The City of Vancouver is trying to move forward on its own to decriminalize possession for personal use and is attempting to get a federal exemption from the Controlled Drugs and Substances Act within city limits.
Karen Ward, an advocate for drug users who works with the City of Vancouver, said it’s important that Olsen and Furstenau drew attention to the gaps in safe supply and delays in decriminalization, measures that experts say could save lives.
Since the last provincial election, the balance of power has shifted in the legislature. The NDP now has a majority and no longer need the support of the Green MLAs to govern.
But Ward said she rarely hears questions about safe supply and decriminalization from the opposition BC Liberals. During the election campaign, the BC Liberals emphasized the crime associated with drug use and homelessness and talked about the need for more supportive housing and treatment beds.
“It was law and order and put people away, and let’s get some institutions in here and so forth,” Ward said. “This is very different, obviously, and it’s great to see.”
Ward lives in the Downtown Eastside, a Vancouver neighbourhood that has been hit particularly hard by the poisoned drugs crisis. She said she’s seen huge positive changes in friends and neighbours who have been prescribed safe supply, and it’s freed them from a toxic cycle of spending all their time trying to source and buy illicit drugs.
“You get time back — you know, that’s just transformative,” Ward said.
“What everybody says is ‘My God, the time I just got back, I don’t know what to do with myself. I can't believe that’s what I was like.’ It was partly the hustle, partly waiting for your dealer, and time is not your own. You’re always at the whim of something else. So getting all that time back — and not being sick.”

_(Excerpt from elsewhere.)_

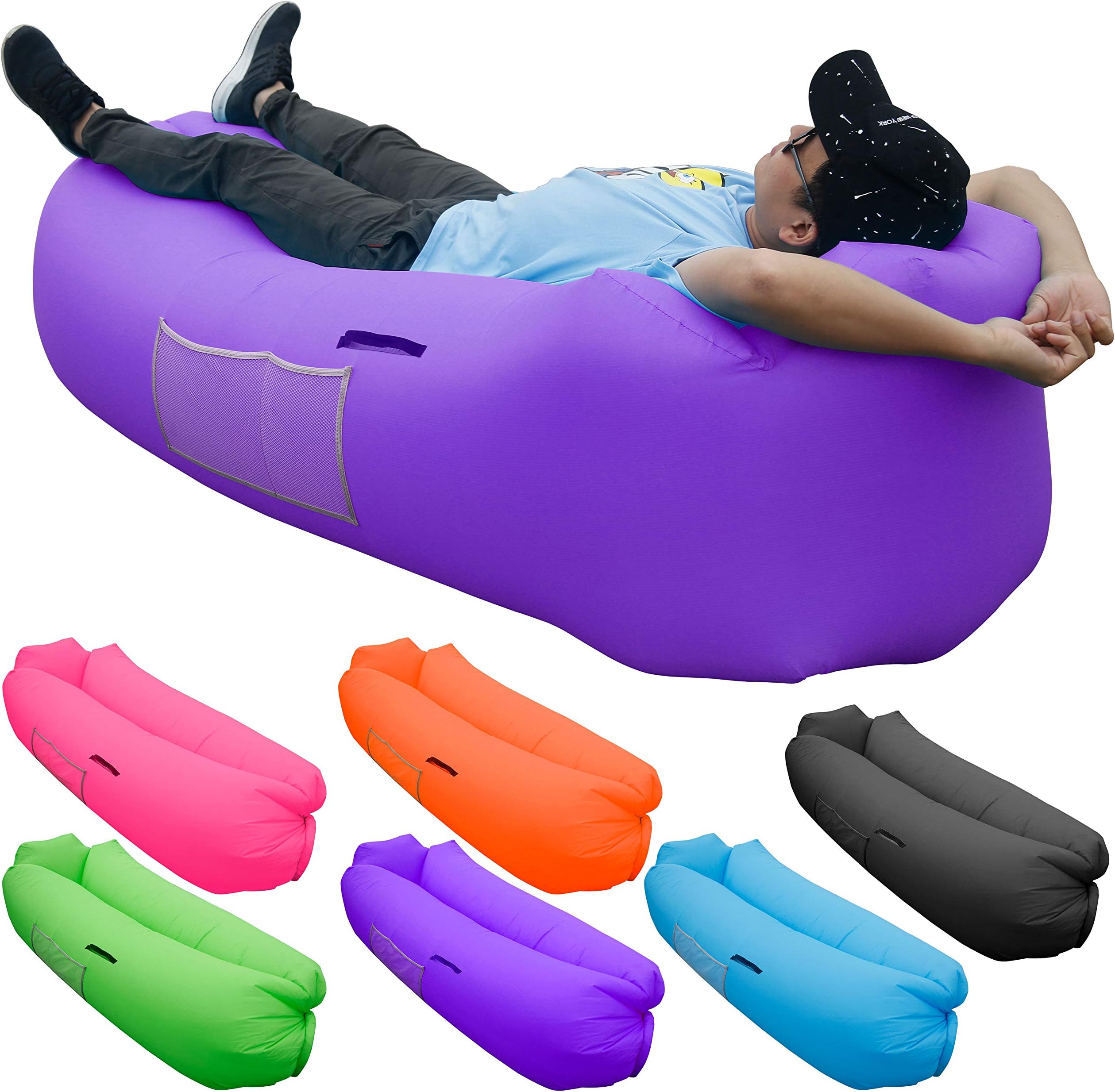 Skoloo Inflatable Lounger Air Sofa, Portable Water Proof Anti-Air Leaking & Pillow-Shaped Designed Couch for Backyard Pool Travel Camping Hiking Lakeside Picnics Music Festivals Beach Parties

Examples of pharmaceutical alternatives being prescribed now as safe supply include hydromorphone or Dilaudid. Those drugs replace street drugs tainted with the powerful synthetic opioid fentanyl and often further mixed with unregulated benzodiazepines, which increases the difficulty in reversing the effects of toxic drugs.
But many people who use drugs have struggled to find the right prescription, in the right amount, to fully replace the street drug they were taking.
Olsen said it’s important for him to raise the issue because he hears daily from his constituents about how the overdose crisis is affecting them and their families.
“There is a deeply entrenched perspective that drug use or drug users are bad, they are less than human,” Olsen said. “I think the reality of the drug poisonings that we’ve seen have come from an incredibly toxic street supply… we need to see ministry that is recognizing the challenges rather than kind of talking over or talking through people who are bringing these issues up.”